# TASK DIRECTIONS:
Print all of the data exactly, but drop the pictures.

Caption-style text data
+ + +
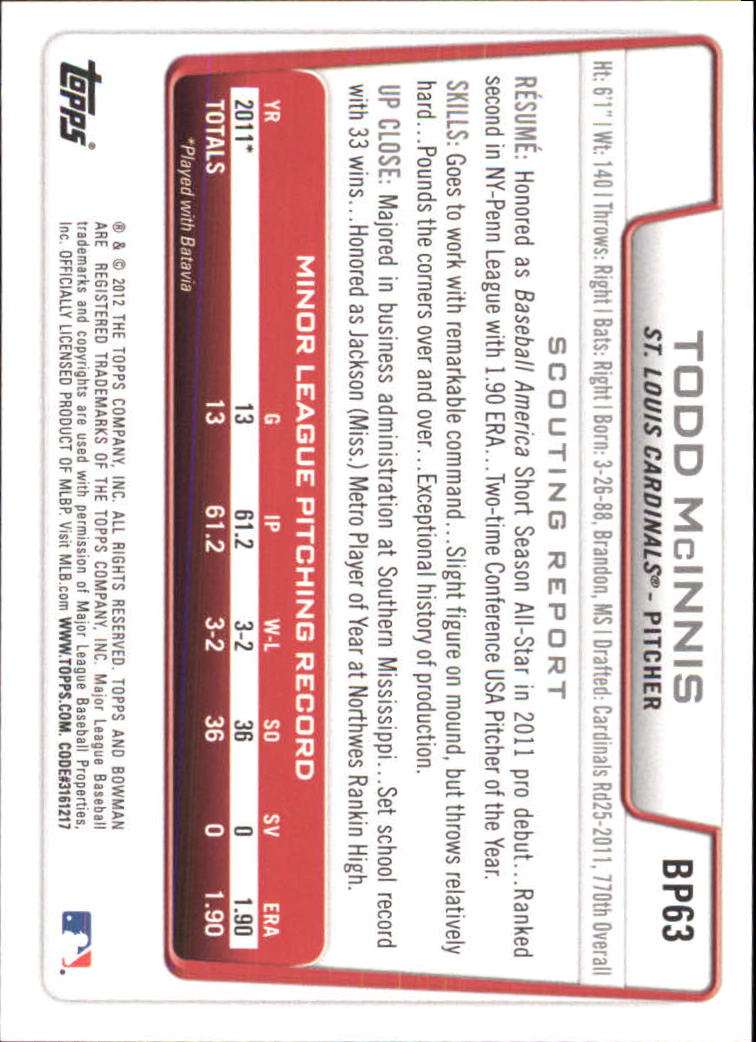 B5051- 2012 Bowman Prospects BB # S 1-110 + Einsätze -du Pick- 15 + Free US - Bild 264 von 290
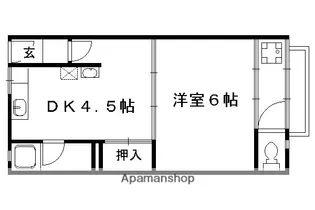 アミティエ一乗寺【6号室】の間取り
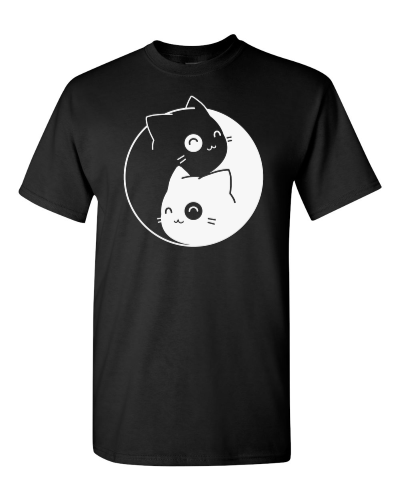 Yin Yang Cats on a black adult tee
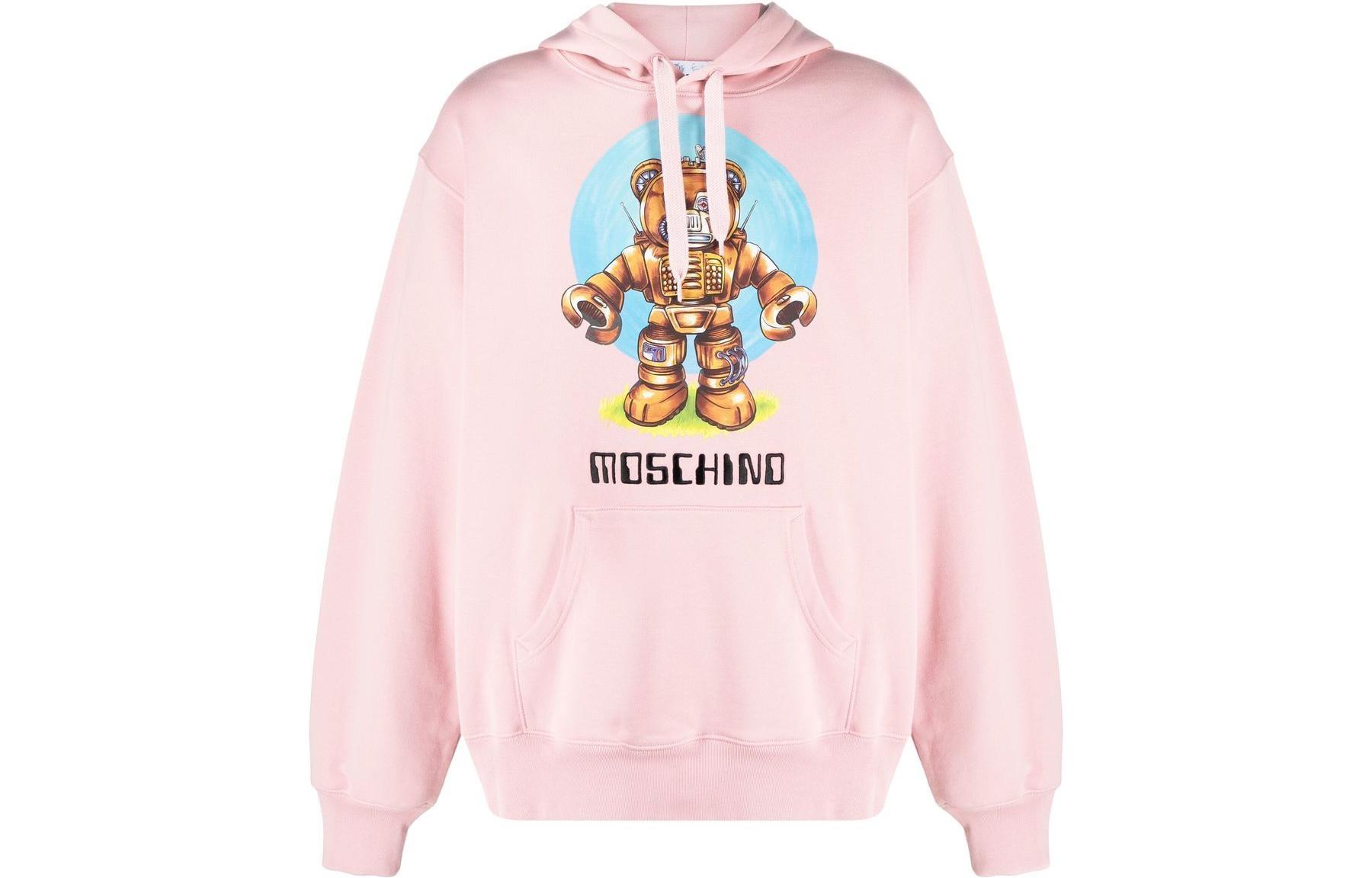 MOSCHINO Logo Robot Cartoon Print Pink Hoodie for Men V1716-7028-1187
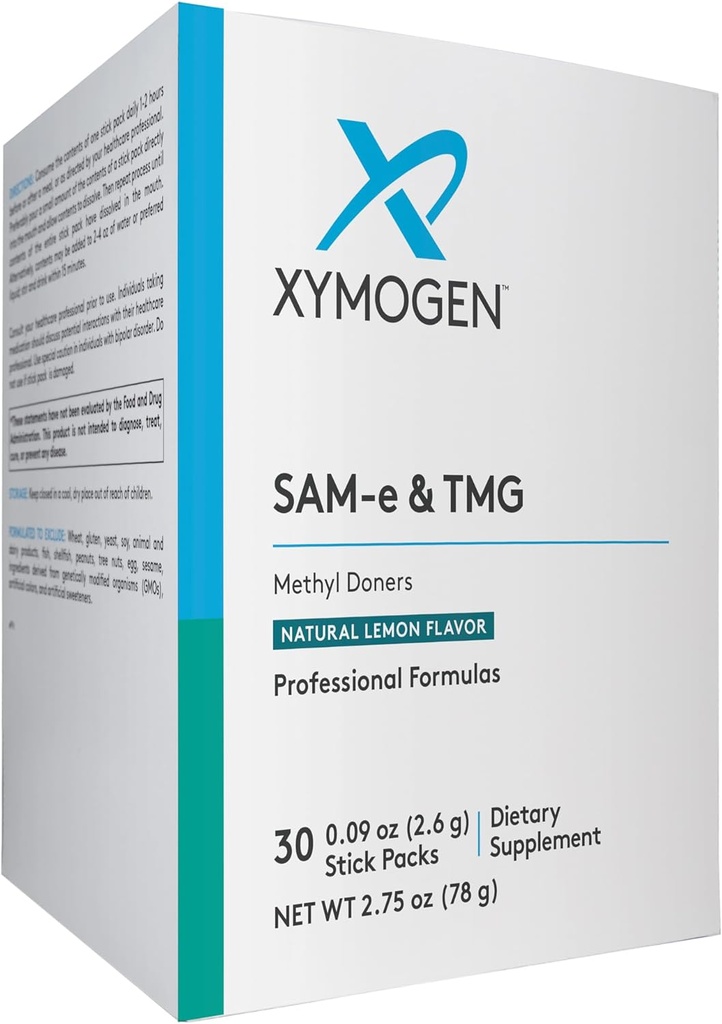 XYMOGEN SAM-e & TMG - Trimethylglycine, SAM-e 400mg, and Calcium Supplement - Liver and Mood Support Supplement - Gluten Free, Vegan & Non GMO (30 Servings)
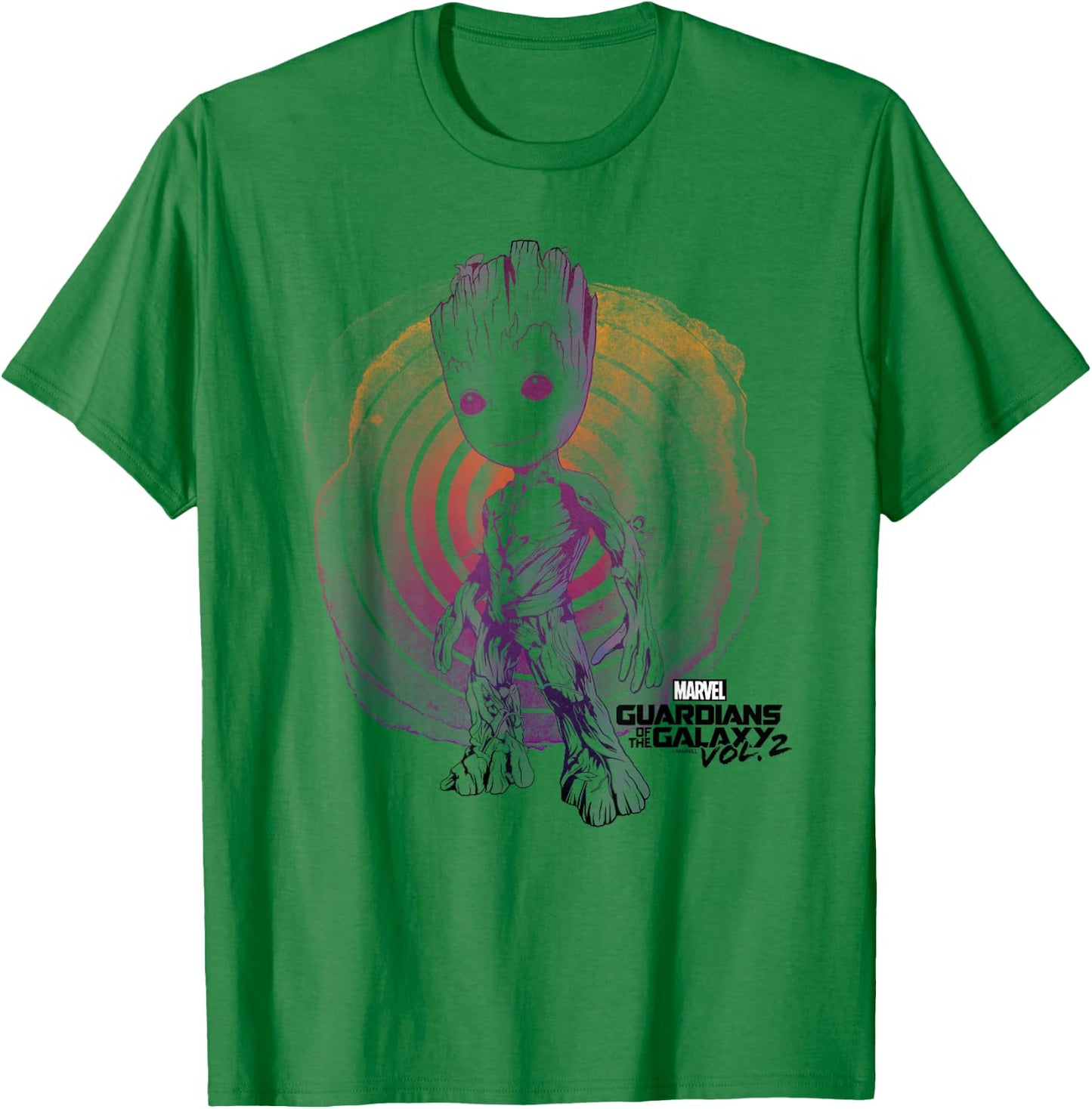 Marvel Guardians Vol. 2 Groot Watercolor Swirl C1 T-Shirt - T-Shirt | Irish Green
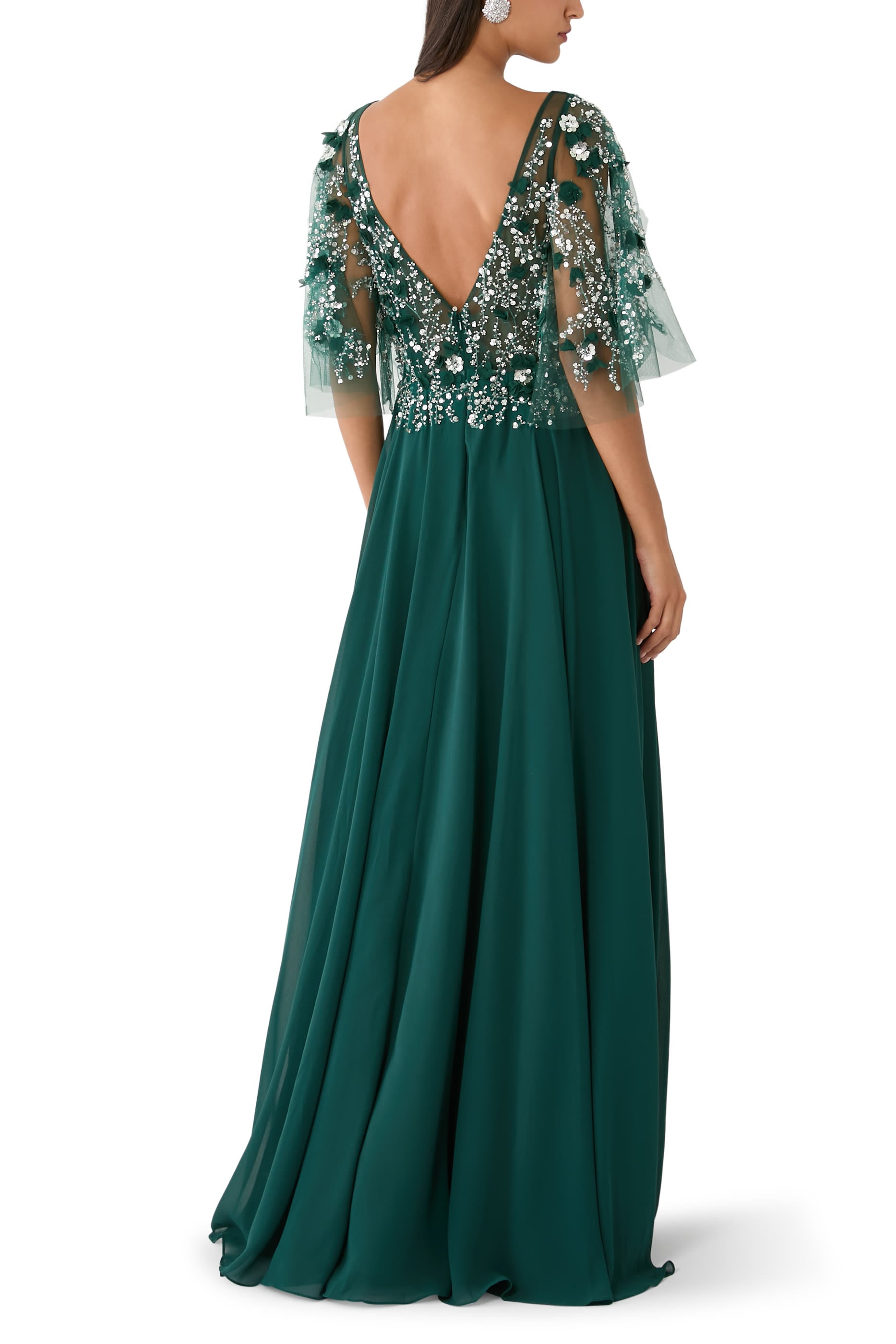 Sequin Embellished Cape Gown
+ + +
# RESPONSE BELOW:
 B5051- 2012 Bowman Prospects BB # S 1-110 + Einsätze -du Pick- 15 + Free US - Bild 264 von 290
 アミティエ一乗寺【6号室】の間取り
 Yin Yang Cats on a black adult tee
 MOSCHINO Logo Robot Cartoon Print Pink Hoodie for Men V1716-7028-1187
 XYMOGEN SAM-e & TMG - Trimethylglycine, SAM-e 400mg, and Calcium Supplement - Liver and Mood Support Supplement - Gluten Free, Vegan & Non GMO (30 Servings)
 Marvel Guardians Vol. 2 Groot Watercolor Swirl C1 T-Shirt - T-Shirt | Irish Green
 Sequin Embellished Cape Gown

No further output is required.